Watanabe é acima de tudo um cineasta capaz de criar
imagens fortes - o próprio longo plano seqüência inicial
é um bom exemplo de imagens que, mesmo questionáveis
em outros quesitos, são de uma habilidade com o pôr-em-cena
que por si só já seguram um forte interesse no filme.
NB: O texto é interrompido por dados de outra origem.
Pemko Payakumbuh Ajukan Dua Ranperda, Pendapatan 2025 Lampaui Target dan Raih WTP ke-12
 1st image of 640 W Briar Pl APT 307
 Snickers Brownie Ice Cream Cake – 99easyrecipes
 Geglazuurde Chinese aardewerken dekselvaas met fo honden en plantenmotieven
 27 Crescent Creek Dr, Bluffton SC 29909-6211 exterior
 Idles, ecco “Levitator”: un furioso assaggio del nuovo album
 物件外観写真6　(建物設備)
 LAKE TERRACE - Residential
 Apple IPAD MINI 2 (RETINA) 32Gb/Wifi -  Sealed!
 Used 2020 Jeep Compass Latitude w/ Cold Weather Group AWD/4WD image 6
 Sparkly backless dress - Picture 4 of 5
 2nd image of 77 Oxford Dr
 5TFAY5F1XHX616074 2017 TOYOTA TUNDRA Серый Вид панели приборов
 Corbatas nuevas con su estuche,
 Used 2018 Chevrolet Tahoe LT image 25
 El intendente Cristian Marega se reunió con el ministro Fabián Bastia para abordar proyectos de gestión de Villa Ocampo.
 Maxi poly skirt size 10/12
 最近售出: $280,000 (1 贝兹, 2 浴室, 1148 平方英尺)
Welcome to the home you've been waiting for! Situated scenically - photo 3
O grande problema, então, surge no fato de que o filme
não se sustenta só por elas, e que constantemente seus
vôos começam a ficar menos interessantes, sempre emperrados
por soluções narrativas eventualmente bobas, mas também
com incursões que não funcionam na maioria do tempo
- como a tentativa de criar uma relação aprendiz e mestre
entre o matador veterano e o jovem principiante. Este
segundo personagem, em particular, é um dos constantes
pontos de queda do filme, construído em cima das piores
piadas (ainda que tenha uma das melhores cenas do filme,
já depois do clímax). Em um filme onde o senso de humor
oscila um bocado, construir um personagem basicamente
em cima de piadas (e no caso deste, raramente de qualquer
graça) não poderia dar muito certo.
Emulador de uma cultura particular japonesa, Watanabe
também irá ecoar um pouco da liberdade formal de um
Seijun Suzuki (com quem trabalhou, aliás), ainda que
com uma distância de qualidade abismal. A forma de construir
um olhar lembrará Suzuki, mais do que o olhar em si.
Se Watanabe ainda precisa amadurecer seu cinema (seja
qual o caminho percorra - e julgando pelos melhores
momentos de O Revólver Amado, preferencialmente
a porralouquice total), este seu segundo longa já traça
alguns que, se nem sempre acertam, possuem seus momentos.